To do this she manipulates her daughter, Salome, to ask for his head. All of this is told from the perspective of Hérodias and Herod.
Flaubert wrote this more as historical fiction than anything else, but we must say we’re not overly partial to this story and consider it a bit of a flat ending to Three Tales.
However, it was influential for some, as it was the inspiration (and basis) for Oscar Wilde’s play Salome (1893) and later the 1905 opera by Richard Strauss.
Flaubert as a Writer: Exploring His Literary Themes
Okay, so our copy of Three Tales (again, see the parrot at the top of the page) is the Penguin Classics edition.
It features an extensive introduction by Geoffrey Wall. He notes Flaubert’s fans from his era would have been confused by the stories. A Simple Heart appeared in the 12th April 1877 edition of Le Moniteur universel and was quite different to many of his previous works. Of them, Wall notes this.
“Flaubert’s Three Tales display the final glistening catch. This is what the pearl-diver has retrieved from those lower depths, after a lifetime of staring heroically into the dark.”
Flaubert’s literary themes (perhaps most notably in Madame Bovary and her selfish behaviour) focus on freedom versus confinement, boredom, foolishness, repression etc.
His other works, such as Sentimental Education (1869), consider art’s purpose, love, and upper class life.
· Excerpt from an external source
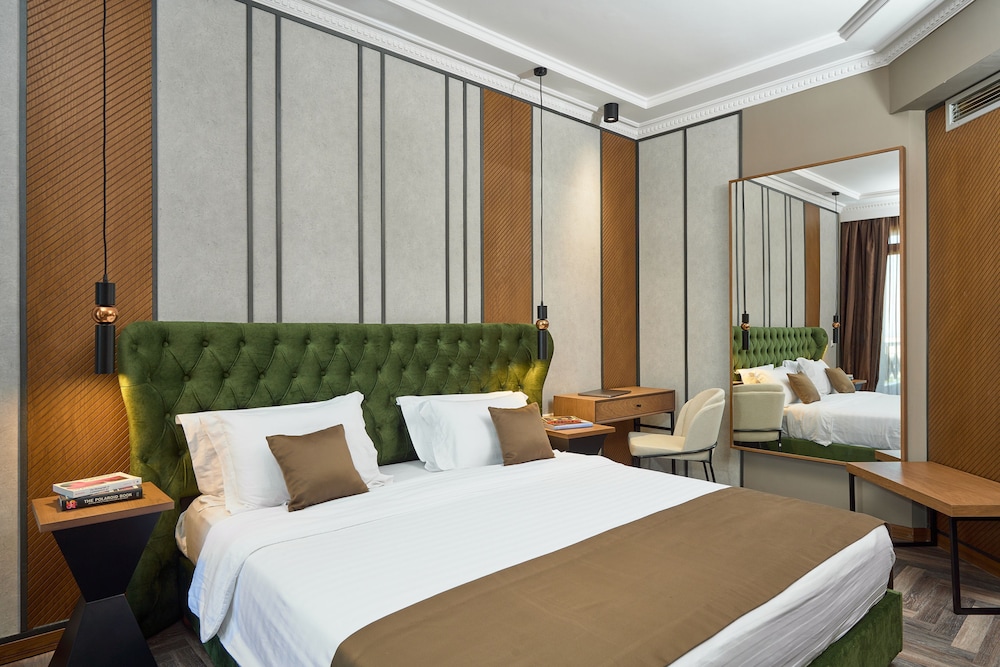 ROYAL HOTEL 15/68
Salammbô (1862) covers love and war. Desire features across a lot of these works, too.
As for Three Tales, Wall notes this.
“Prompted by adversity, the tales came quickly. Yet they are wonderfully impersonal in their chronical of profit and loss. Their undeclared theme is abjection and all the ambiguous visions that crowd upon the mind as it falls into the dark. They each portray a certain religious experience, but they do this in the contemporary secular idiom of the novel. Like Frazer’s The Golden Bough, Freud’s The Interpretation of Dreams, and Conrad’s Heart of Darkness, Flaubert’s Three Tales show how the sacred survives, oddly disguised, even in the century of wide-awake bourgeois techno-miracles.”
The structure of the three stories is such, Wall claims Flaubert had essentially reinvented how to write short works.
Three Tales was very influential, being praised by contemporary critics (something they hadn’t really done for his earlier works), and creating Flaubertistes—his fanboys of the 19th century.
This included writers such as Kate Chopin, Anton Chekov, Ezra Pound, Franz Kafka, Albert Camus, Emile Zola, and many more.
An impressive legacy for three short stories that, with a superficial glance, may appear brief and confusing, but on closer inspection reveal a multi-layered world delivered by a master writer for the ages.